The 2,850 years old wine press is the oldest fond yet west of Greece and it's quite elegant:



For what concerns grape vine domestication, archaeologists already had found proof of it both in Peninsular Italy at San Lorenzo and in Sardinia at Sa Osa, where they found hundreds of its seeds stored in wells
 
One of the interesting things about this is that some scholars had posited that wine making came to Italy with Greeks, but perhaps not.
 
Well, clearly this new evidence from Sicily shows that it came to Italy well before the Greeks set foot here.

But the other evidences from Sardinia showed they were making it since at least the late bronze age, one could argue that they started making it thanks to the interaction with Myceneans or Minoans but even that seems far fetched, this new evidence for even earlier wine making from Sicily leads me to think it also developed independently in the rest of Italy.

Add the evidence for grape vine cultivation in early 2nd millennium bc contexts from Central Italy and Sardinia and it's pretty much settled.
 
Well, clearly this new evidence from Sicily shows that it came to Italy well before the Greeks set foot here.

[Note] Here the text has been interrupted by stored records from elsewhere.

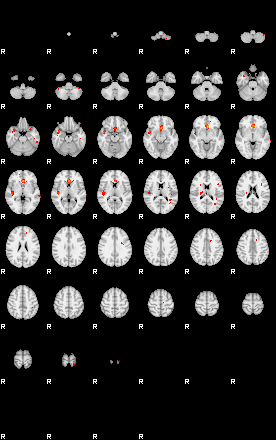 Patients 29201 30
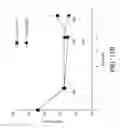 Fig. 98 - Antigen binding proteins to proprotein convertase subtilisin kexin type 9 (PCSK9)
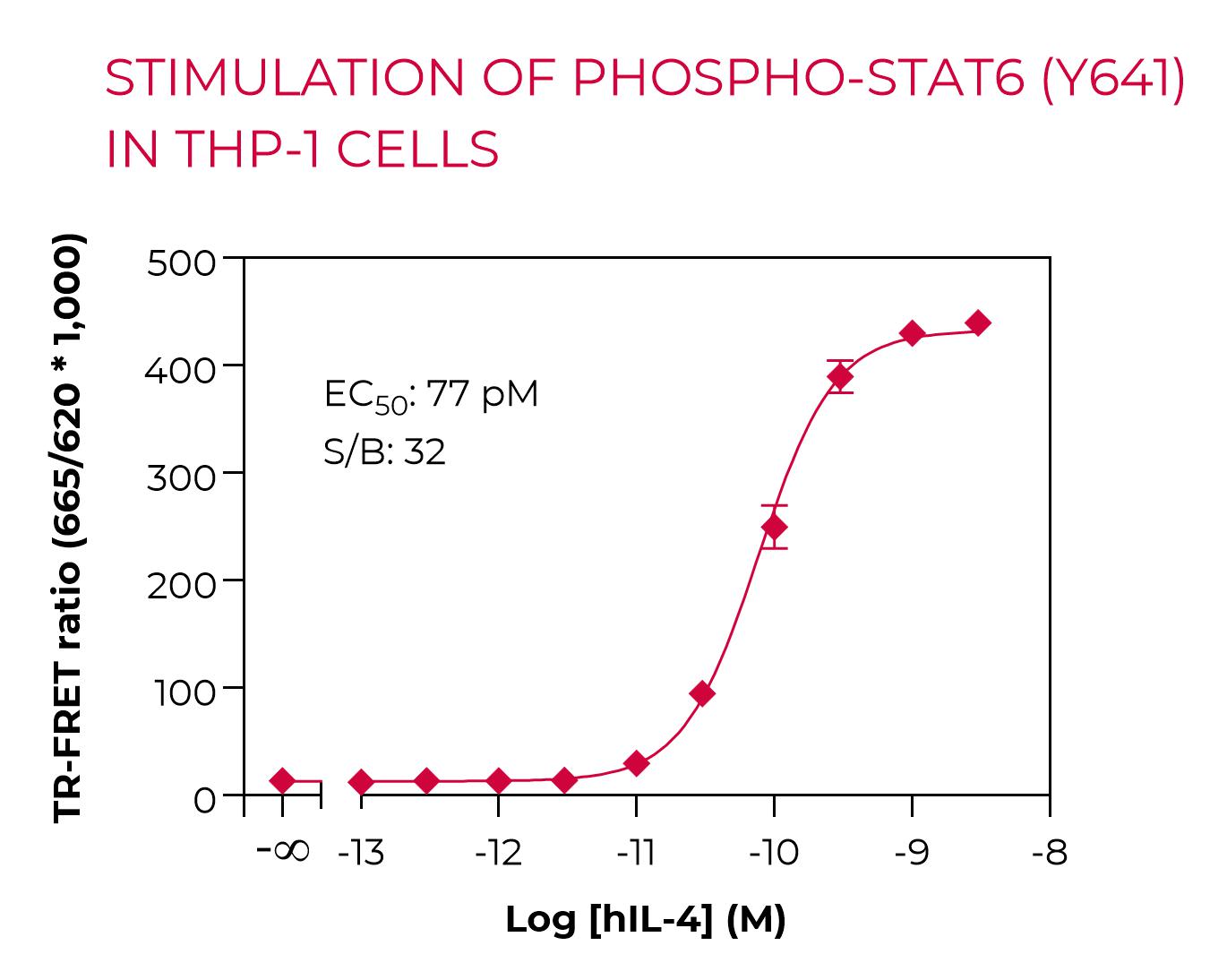 Stimulation of Phospho-STAT6 (Y641) in THP-1 cells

But the other evidences from Sardinia showed they were making it since at least the late bronze age, one could argue that they started making it thanks to the interaction with Myceneans or Minoans but even that seems far fetched, this new evidence for even earlier wine making from Sicily leads me to think it also developed independently in the rest of Italy.

Add the evidence for grape vine cultivation in early 2nd millennium bc contexts from Central Italy and Sardinia and it's pretty much settled.

I don't know, but the process is older than five thousand years.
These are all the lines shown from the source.